Çocuğu akşam okuldan eve geldiğinde sırasıyla önce elini yüzünü yıkamasını, sonra üstünü değiştirmesini, sonra yemeğini yemesini, sonra ödevini yapmasını, sonra test çözmesini, sonra kitap okumasını, sonrasında yatıp uyumasını istiyor. Çocuğunun akşam 17.00’den gece yatana kadar geçen 3- 4 saatlik sürede bir robot gibi davranmasını bekliyor. Onun bir çocuk olduğunu, dinlenmeye, eğlenmeye ve oyun oynamaya ihtiyaç duyduğunu unutuyor. En çok da anne babasına ihtiyaç duyduğunu, onların sevgisi ve ilgisiyle gelişeceğini de unutuyor.
‘Yemeğini ye, televizyon seyretme, kitap oku, üstünü çıkar, odanı topla, bırak şu telefonu elinden, çorabını giy, yatağına git, dersini çalış, ödevini yap vb.’
Genellikle bu şekilde devam eden bir sürecin sonuna gelindiğinde ise uzman yardımı almaya karar veriliyor. Çocuklarının tembelliğinden ya da sorumluluk almamasından, ailenin istediği ve doğru bulduğu şeyleri yapmamasından, kimi zaman pasif kimi zaman agresif davranmasından yakınılıyor. İşte buradan sonra çocuklarla birlikte ailelerin de değişmesi gerektiği bir sürece giriliyor.
Peki aslında ne olmalı? Bilgili, kültürlü, çalışkan, iyi eğitilmiş bireyler olmaları iyi bir şey değil mi? Elbette bunda bir yanlış yok. Ancak çocukların çocukluklarını yaşamasından daha fazla onları zenginleştirecek bir şey de yok. Her şeyin bir yaşı ve zamanı var. Oyunla, arkadaşlarıyla, hobileriyle vakit geçirerek büyüyen bir çocukla; ödevle, ne yaparsa yapsın hep daha fazlasını yapmak zorunda kalmakla, zorlamalarla, sınavlarla oyunsuz ve mutsuz büyüyen bir çocuğun arasında o kadar fark var ki. Unutmayın, çocuklar yalnızca bir kere çocuk olurlar, ama eğitimleri hayatları boyunca devam eder.

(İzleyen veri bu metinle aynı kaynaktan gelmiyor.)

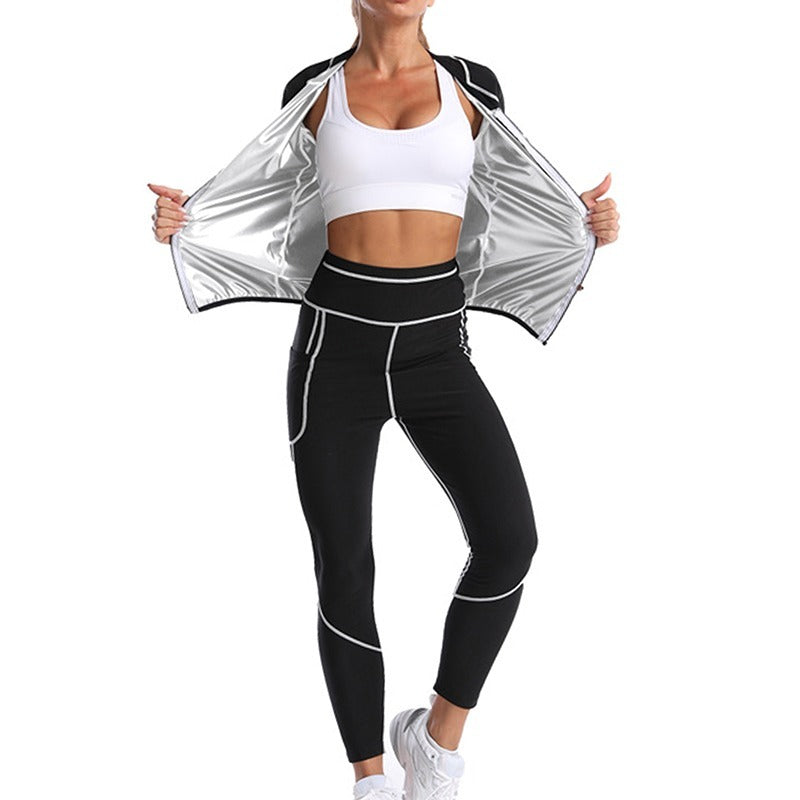 Sports High-waisted Abdomen And Hip-lifting Corset Yoga Wear - Nyaabs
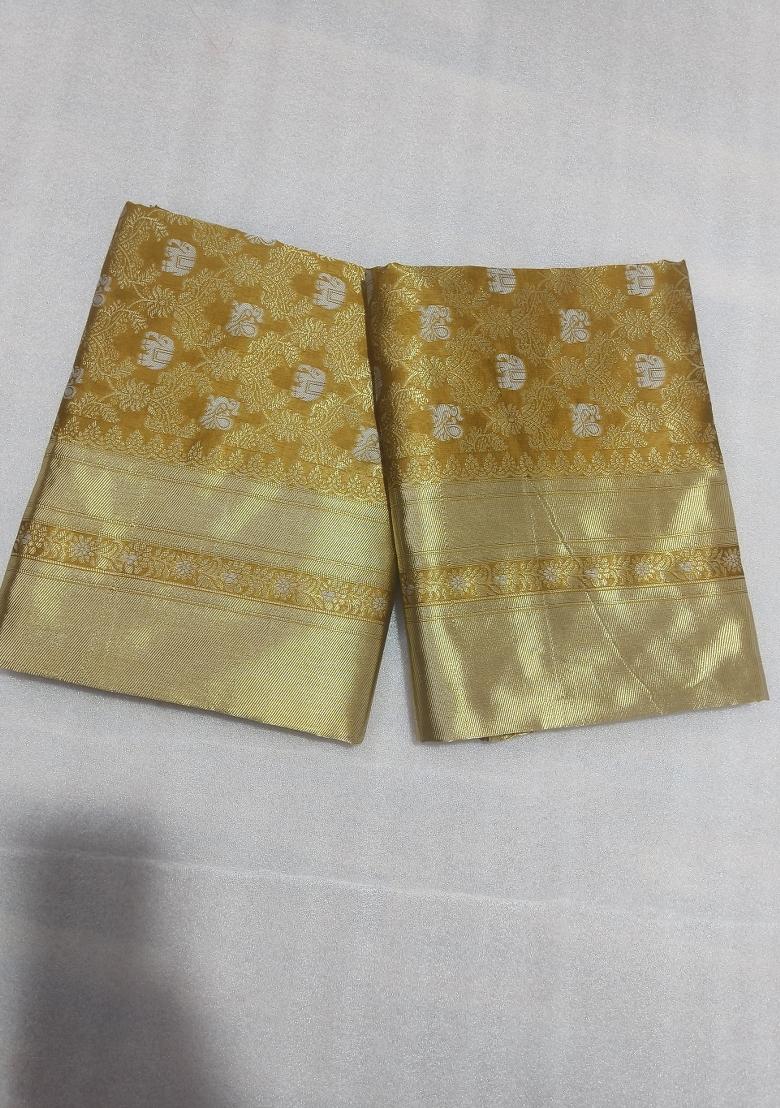 Chiku Weaving Work Silk Saree Set - Indya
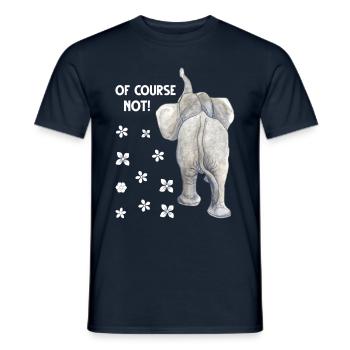 Bien sûr pas de discussion éléphant tarö proboscis - T-shirt homme - marine - Devant - AI Model Male 178 light (178cm)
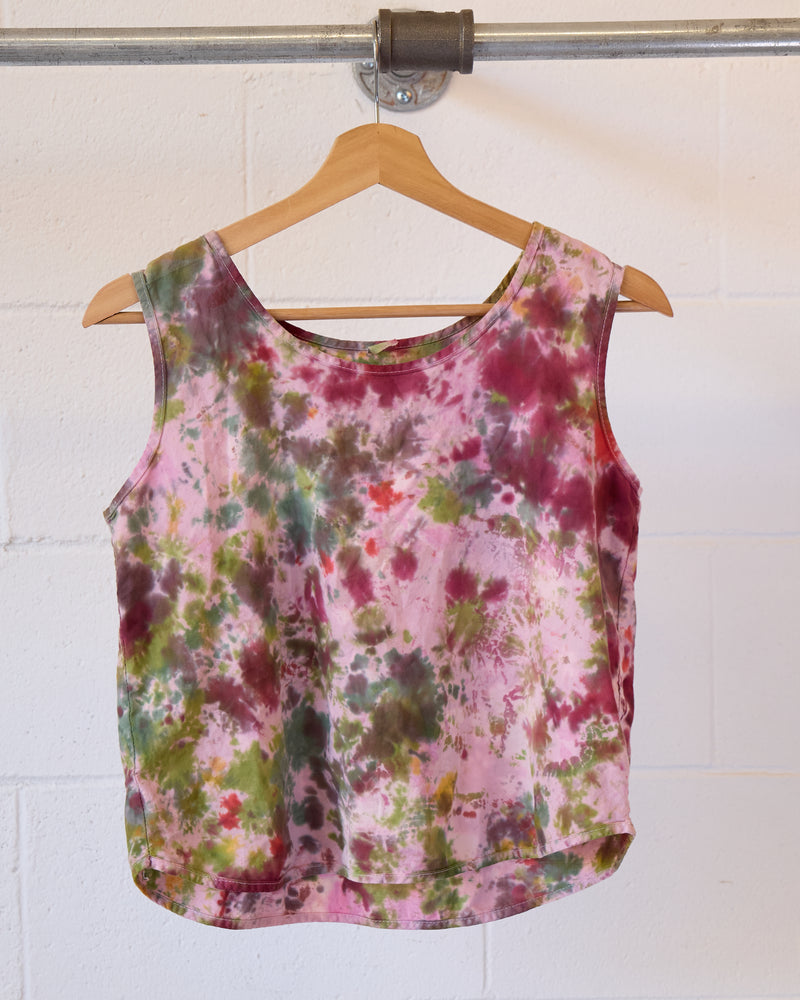 Wildflower Cropped Linen Tank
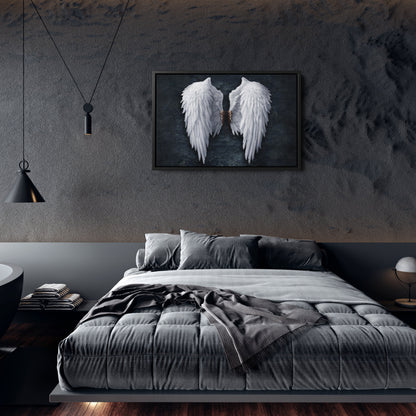 Banksy Angel Wings Canvas Wall Art Decor - Urban Street Art Poster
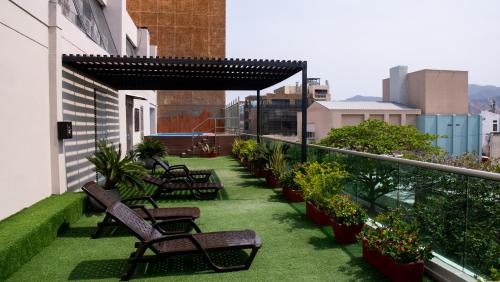 beranda/teres, Ribai Hotels Santa Marta in Santa Marta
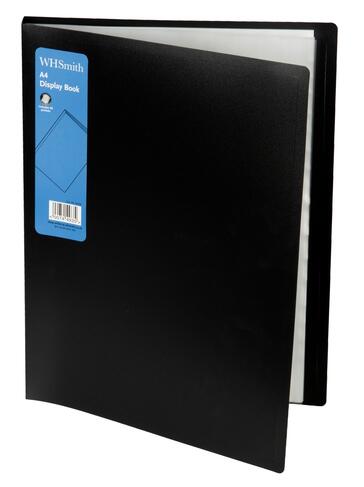 WHSmith Black 40 Pocket A4 Display Book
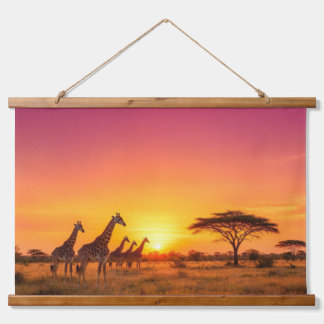 Natuur scene hangend wandkleed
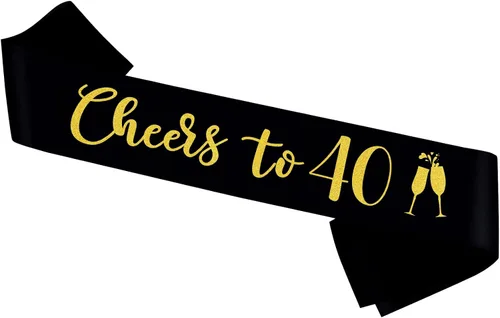 Miniatura 11 de Banda con texto en inglés "Cheers to 20", banda de oro negro con texto en inglés "It's My 20th Birthday" para mujeres y hombres, regalos de feliz 20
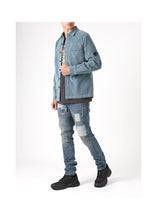 Load image into Gallery viewer, Purple - Vintage Square Patch Blue - VSPR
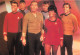 STAR  TREK SULU  Kirk Mc Coy  Spock  Et Chekov   Carte Vierge  105 121 (scan Recto-verso) OO 0992 - Séries TV
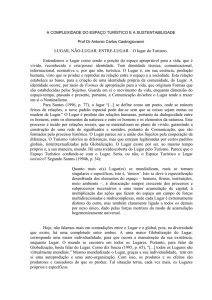 a complexidade do espaço turístico e a sustentabilidade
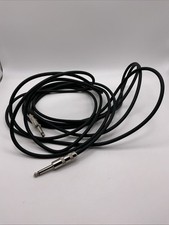 20ft 1/4โ TS Mono Instrument Guitar Cable Low Noise Made In USA Tested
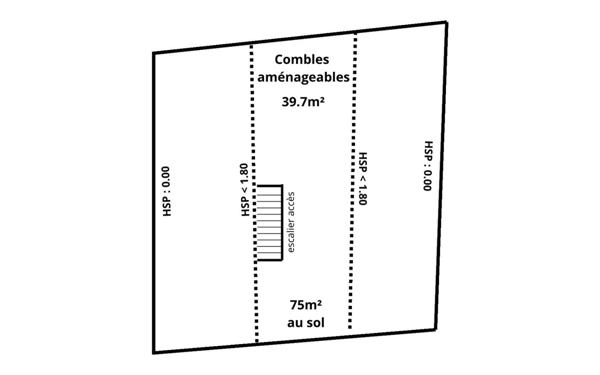 Appartement à vendre    2 pièces • 39,50 m2 Maxéville
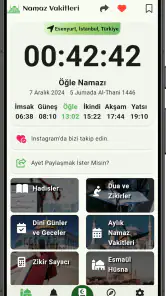 Secde Namaz Vakitleri Ezan screenshot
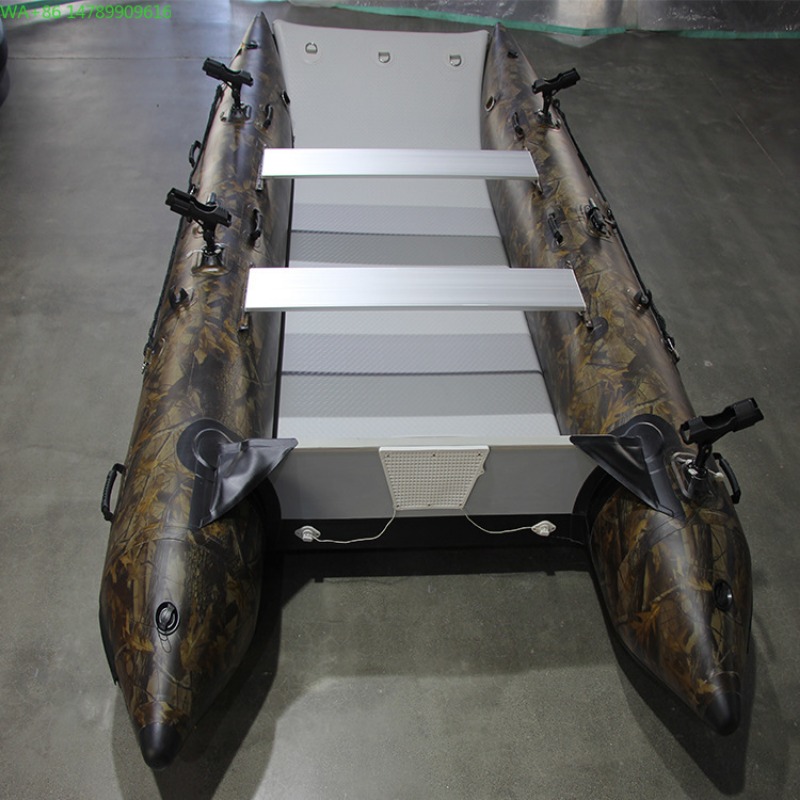 เรือยางคาตามารันความเร็วสูง ทำ - Fishing Boat Inflatable บทวิจารณ์และราคา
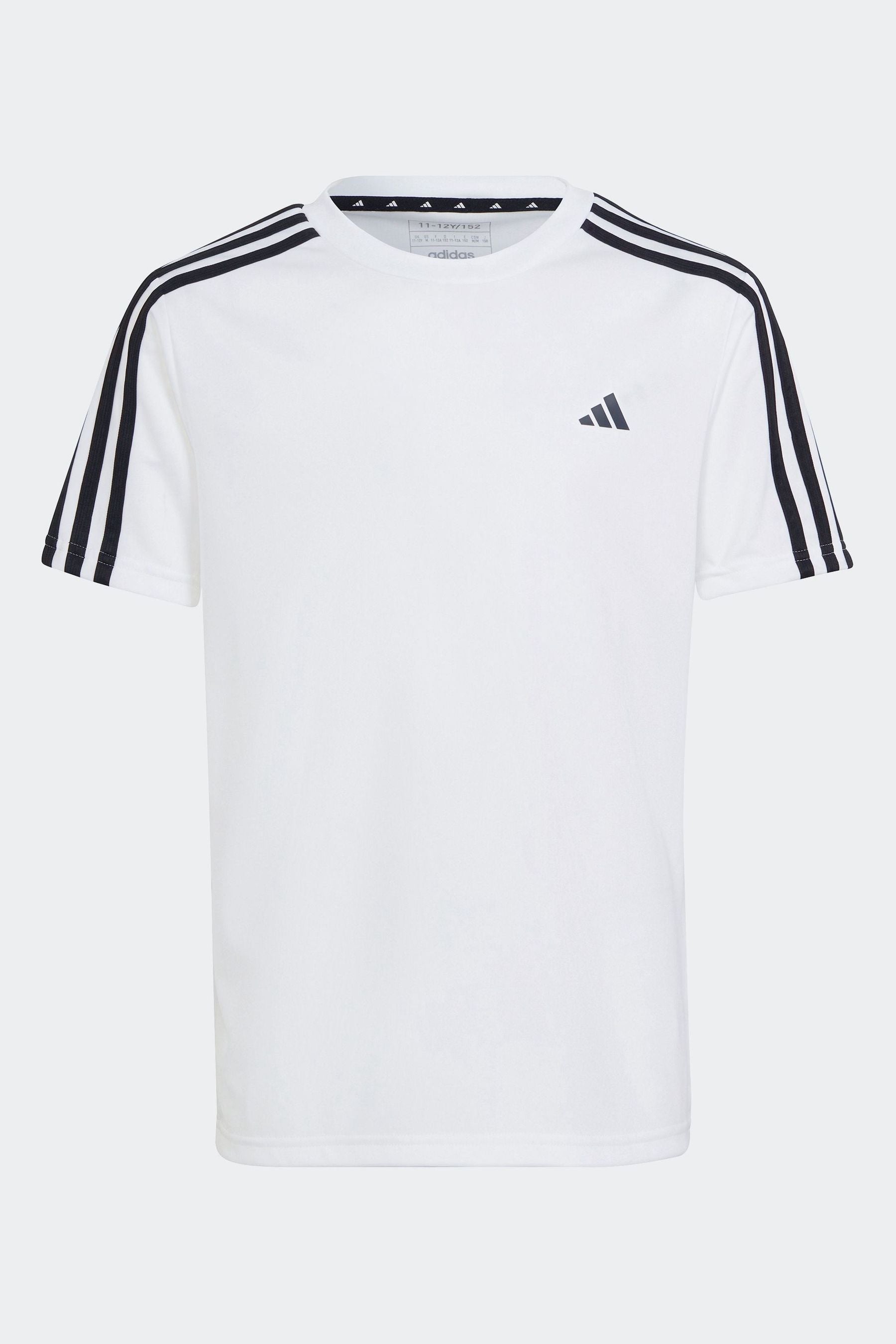 adidas White Sportswear Train Essentials Aeroready 3-Stripes Regular-Fit Training Set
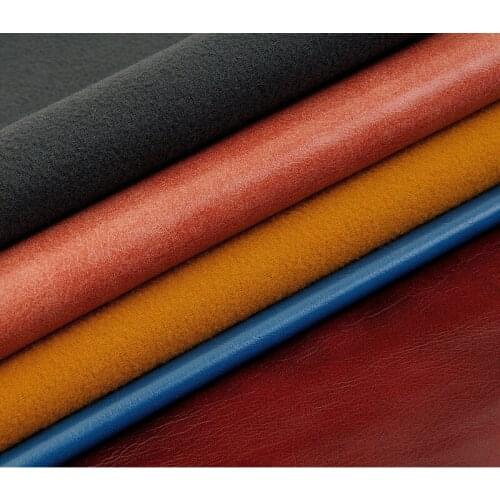 Free shipping 1.0mm Crazy Horse oil skin artificial leather/ luggage synthetic leather material high quality PU leather material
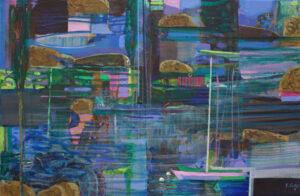 C’est ce que l’on pouvait appeler: un havre de paix et d’harmonie paisible. - 41cm x 27cm - 2025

Çocuklar yalnızca bir kere oyun oynarlar ama o zevki büyüdüklerinde tadamazlar. Bırakalım çocuklarımız oyunlar oynasın, müzik ve sporla uğraşsın, sınavların birinden düşük not alsın, eksik olmayı ve başaramamayı tecrübe ederek öğrensin. Biz anne babalara düşen en önemli görev ise, çocuklarımızın en güzel yıllarını ellerinden almadan, dengeyle büyütmek ve her şeyi tadında yaşamak, yaşatmak, topluma sağlıklı bireyler kazandırmaktır.
Yoksa okul ve ödev sorumluluklarını çocuklardan daha fazla mesele edinmiş, daha fazla düşünen anne babalar olmak değil.
Şimdi soru şu; öğrenci olan kim, siz mi çocuğunuz mu?